Administrator
发布于 2024-04-11 / 10 阅读
0

Rust编程 Masscan扫描器XML结果解析方法 - 曲速引擎(Warp Drive)

描述

在使用Rust语言开发端口监控程序的时候,调用第三方扫描器masscan需要将结果反序列化为rust的结构体并且进行操作,以下是解决文件的读取、解析、操作的算法分享。

masscan xml 结果原始文件 ffb51432-1fd0-4450-bede-6b58dff4a323.xml

<?xml version="1.0"?>
<!-- masscan v1.0 scan -->
<nmaprun scanner="masscan" start="1710990049" version="1.0-BETA"  xmloutputversion="1.03">
<scaninfo type="syn" protocol="tcp" />
<host endtime="1710990049"><address addr="172.16.100.182" addrtype="ipv4"/><ports><port protocol="tcp" portid="5672"><state state="open" reason="syn-ack" reason_ttl="63"/></port></ports></host>
<host endtime="1710990069"><address addr="172.16.100.182" addrtype="ipv4"/><ports><port protocol="tcp" portid="25"><state state="open" reason="syn-ack" reason_ttl="64"/></port></ports></host>
<host endtime="1710990096"><address addr="172.16.100.182" addrtype="ipv4"/><ports><port protocol="tcp" portid="5601"><state state="open" reason="syn-ack" reason_ttl="63"/></port></ports></host>
<host endtime="1710990118"><address addr="172.16.100.182" addrtype="ipv4"/><ports><port protocol="tcp" portid="22"><state state="open" reason="syn-ack" reason_ttl="64"/></port></ports></host>
<host endtime="1710990163"><address addr="172.16.100.182" addrtype="ipv4"/><ports><port protocol="tcp" portid="3306"><state state="open" reason="syn-ack" reason_ttl="63"/></port></ports></host>
<host endtime="1710990180"><address addr="172.16.100.182" addrtype="ipv4"/><ports><port protocol="tcp" portid="6379"><state state="open" reason="syn-ack" reason_ttl="63"/></port></ports></host>
<host endtime="1710990300"><address addr="172.16.100.182" addrtype="ipv4"/><ports><port protocol="tcp" portid="9200"><state state="open" reason="syn-ack" reason_ttl="63"/></port></ports></host>
<host endtime="1710990317"><address addr="172.16.100.182" addrtype="ipv4"/><ports><port protocol="tcp" portid="15672"><state state="open" reason="syn-ack" reason_ttl="63"/></port></ports></host>
<runstats>
<finished time="1710990363" timestr="2024-03-21 11:06:03" elapsed="336" />
<hosts up="8" down="0" total="8" />
</runstats>
</nmaprun>

解析过程

通过设计一个结构体,并且将结果反序列化到这个结构体即可对内容进行访问。

内容分析

如何对内容进行反序列化,首先要分析xml的结构是如何的

原始文件<nmaprun></nmaprun> 这样的东西叫做一级元素,它的下面存在 scaninfo、host、runstats等子元素,而各个子元素下面又有自己的元素。
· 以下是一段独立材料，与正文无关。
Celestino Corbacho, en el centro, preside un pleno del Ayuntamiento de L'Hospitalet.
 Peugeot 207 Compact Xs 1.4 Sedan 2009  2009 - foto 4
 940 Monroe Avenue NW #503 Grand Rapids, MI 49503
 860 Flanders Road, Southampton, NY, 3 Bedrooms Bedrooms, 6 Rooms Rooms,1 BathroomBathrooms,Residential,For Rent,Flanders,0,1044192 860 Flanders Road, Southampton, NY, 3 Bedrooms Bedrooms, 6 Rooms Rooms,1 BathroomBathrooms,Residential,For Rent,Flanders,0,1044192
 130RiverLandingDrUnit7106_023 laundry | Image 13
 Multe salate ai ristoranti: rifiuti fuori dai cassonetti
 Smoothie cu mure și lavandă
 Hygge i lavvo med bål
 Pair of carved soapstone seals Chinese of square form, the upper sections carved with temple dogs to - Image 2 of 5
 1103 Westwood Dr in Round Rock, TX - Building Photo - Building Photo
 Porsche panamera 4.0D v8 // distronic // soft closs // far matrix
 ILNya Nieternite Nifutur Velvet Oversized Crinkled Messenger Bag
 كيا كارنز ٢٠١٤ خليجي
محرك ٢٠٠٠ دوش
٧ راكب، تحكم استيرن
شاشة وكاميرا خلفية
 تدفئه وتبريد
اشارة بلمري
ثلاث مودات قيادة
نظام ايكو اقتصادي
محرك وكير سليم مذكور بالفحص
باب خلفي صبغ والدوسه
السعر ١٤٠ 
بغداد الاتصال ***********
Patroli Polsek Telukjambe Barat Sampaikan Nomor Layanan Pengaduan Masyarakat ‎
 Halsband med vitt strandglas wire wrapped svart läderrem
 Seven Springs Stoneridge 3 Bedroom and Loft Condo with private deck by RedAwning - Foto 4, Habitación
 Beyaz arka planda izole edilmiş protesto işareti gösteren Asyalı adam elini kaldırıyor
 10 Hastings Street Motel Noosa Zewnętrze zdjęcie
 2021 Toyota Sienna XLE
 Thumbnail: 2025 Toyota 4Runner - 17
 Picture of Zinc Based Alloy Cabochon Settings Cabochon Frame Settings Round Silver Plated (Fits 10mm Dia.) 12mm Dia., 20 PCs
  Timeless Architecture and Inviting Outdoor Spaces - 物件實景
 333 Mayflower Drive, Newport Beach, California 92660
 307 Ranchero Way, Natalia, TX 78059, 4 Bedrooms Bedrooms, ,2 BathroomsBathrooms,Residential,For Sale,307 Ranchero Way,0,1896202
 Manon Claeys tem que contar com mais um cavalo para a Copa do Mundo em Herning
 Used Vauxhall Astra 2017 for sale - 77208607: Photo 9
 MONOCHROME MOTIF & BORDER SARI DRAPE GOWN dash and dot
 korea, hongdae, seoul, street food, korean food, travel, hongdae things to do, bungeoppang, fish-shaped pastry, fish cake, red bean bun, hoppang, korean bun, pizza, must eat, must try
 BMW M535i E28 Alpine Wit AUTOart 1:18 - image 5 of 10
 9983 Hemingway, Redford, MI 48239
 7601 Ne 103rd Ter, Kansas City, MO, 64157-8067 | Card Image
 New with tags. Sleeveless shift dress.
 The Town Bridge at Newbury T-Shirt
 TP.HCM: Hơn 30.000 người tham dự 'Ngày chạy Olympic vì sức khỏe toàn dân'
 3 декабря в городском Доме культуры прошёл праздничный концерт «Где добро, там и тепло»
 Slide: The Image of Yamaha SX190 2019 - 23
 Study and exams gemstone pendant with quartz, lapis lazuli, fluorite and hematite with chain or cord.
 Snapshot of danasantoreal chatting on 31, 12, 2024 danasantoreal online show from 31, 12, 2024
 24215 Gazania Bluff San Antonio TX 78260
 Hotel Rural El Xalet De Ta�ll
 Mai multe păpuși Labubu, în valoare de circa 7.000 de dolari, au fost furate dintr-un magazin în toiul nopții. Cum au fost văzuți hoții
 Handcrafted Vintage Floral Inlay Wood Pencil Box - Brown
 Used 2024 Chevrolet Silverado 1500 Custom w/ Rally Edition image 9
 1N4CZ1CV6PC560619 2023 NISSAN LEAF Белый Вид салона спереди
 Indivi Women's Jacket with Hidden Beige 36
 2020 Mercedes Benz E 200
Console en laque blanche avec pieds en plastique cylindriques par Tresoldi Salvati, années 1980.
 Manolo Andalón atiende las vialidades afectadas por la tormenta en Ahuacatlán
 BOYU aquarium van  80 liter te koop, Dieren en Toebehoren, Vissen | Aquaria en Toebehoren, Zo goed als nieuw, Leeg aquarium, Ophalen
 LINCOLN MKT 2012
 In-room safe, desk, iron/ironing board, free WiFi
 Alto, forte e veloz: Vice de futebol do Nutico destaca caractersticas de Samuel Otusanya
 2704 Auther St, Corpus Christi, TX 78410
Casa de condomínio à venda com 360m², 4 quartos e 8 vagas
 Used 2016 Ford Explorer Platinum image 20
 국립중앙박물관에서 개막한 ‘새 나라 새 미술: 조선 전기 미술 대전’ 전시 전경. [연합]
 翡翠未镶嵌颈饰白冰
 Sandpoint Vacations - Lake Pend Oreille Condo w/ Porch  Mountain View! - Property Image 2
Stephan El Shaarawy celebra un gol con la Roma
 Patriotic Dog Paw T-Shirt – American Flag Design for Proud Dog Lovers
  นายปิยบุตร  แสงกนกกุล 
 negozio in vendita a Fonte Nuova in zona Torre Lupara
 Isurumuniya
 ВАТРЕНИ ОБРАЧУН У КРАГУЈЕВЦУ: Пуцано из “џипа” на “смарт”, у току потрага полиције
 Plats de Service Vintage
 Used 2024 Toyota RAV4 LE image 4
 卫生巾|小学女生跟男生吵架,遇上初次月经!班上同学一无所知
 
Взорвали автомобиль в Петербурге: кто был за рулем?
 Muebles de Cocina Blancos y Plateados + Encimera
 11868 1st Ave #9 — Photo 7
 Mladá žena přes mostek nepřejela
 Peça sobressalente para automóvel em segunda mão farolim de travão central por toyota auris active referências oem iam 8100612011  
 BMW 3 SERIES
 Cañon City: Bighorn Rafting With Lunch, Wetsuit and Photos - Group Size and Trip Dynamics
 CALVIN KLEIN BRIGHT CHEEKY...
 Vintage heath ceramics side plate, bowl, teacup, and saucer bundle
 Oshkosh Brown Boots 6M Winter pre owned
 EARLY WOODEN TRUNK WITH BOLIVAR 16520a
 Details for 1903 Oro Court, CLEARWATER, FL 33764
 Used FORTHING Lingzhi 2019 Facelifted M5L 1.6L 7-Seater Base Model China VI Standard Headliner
而<nmaprun scanner="masscan" start="1710990049" version="1.0-BETA"  xmloutputversion="1.03"> 在元素里面的scanner、start、version、xmloutputversion叫做属性,每个元素中有不同的属性。

在设计结构体的时候需要注意元素和属性的区别,在 Rust 中,NmapRun 结构体是用来表示 XML 文件中 <nmaprun> 元素的数据模型。这个结构体使用了 serde 库来进行序列化和反序列化操作,即将 Rust 结构体实例转换回 XML 数据或者将 XML 数据转换为 Rust 结构体实例。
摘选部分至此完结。